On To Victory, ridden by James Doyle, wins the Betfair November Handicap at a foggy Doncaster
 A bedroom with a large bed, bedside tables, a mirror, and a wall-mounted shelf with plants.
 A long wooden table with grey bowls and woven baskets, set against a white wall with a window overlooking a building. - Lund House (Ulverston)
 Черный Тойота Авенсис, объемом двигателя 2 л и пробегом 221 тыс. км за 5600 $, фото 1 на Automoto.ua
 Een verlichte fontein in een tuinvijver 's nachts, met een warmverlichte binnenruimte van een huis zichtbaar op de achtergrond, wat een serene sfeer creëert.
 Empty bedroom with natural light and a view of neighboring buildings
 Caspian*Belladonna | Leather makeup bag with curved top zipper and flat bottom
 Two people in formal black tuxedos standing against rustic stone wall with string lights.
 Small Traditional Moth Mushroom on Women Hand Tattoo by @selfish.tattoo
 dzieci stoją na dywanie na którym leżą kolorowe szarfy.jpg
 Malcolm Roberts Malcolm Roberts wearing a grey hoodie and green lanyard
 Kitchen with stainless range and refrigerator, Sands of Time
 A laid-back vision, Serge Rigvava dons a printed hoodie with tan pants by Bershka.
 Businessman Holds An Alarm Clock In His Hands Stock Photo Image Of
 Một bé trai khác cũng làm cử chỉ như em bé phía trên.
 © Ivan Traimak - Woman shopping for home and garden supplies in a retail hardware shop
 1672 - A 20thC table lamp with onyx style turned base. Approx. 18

★ ★ ★ ★

All lines of the data are to be repeated exactly as they stand.

Solution to the problem ::
On To Victory, ridden by James Doyle, wins the Betfair November Handicap at a foggy Doncaster
 A bedroom with a large bed, bedside tables, a mirror, and a wall-mounted shelf with plants.
 A long wooden table with grey bowls and woven baskets, set against a white wall with a window overlooking a building. - Lund House (Ulverston)
 Черный Тойота Авенсис, объемом двигателя 2 л и пробегом 221 тыс. км за 5600 $, фото 1 на Automoto.ua
 Een verlichte fontein in een tuinvijver 's nachts, met een warmverlichte binnenruimte van een huis zichtbaar op de achtergrond, wat een serene sfeer creëert.
 Empty bedroom with natural light and a view of neighboring buildings
 Caspian*Belladonna | Leather makeup bag with curved top zipper and flat bottom
 Two people in formal black tuxedos standing against rustic stone wall with string lights.
 Small Traditional Moth Mushroom on Women Hand Tattoo by @selfish.tattoo
 dzieci stoją na dywanie na którym leżą kolorowe szarfy.jpg
 Malcolm Roberts Malcolm Roberts wearing a grey hoodie and green lanyard
 Kitchen with stainless range and refrigerator, Sands of Time
 A laid-back vision, Serge Rigvava dons a printed hoodie with tan pants by Bershka.
 Businessman Holds An Alarm Clock In His Hands Stock Photo Image Of
 Một bé trai khác cũng làm cử chỉ như em bé phía trên.
 © Ivan Traimak - Woman shopping for home and garden supplies in a retail hardware shop
 1672 - A 20thC table lamp with onyx style turned base. Approx. 18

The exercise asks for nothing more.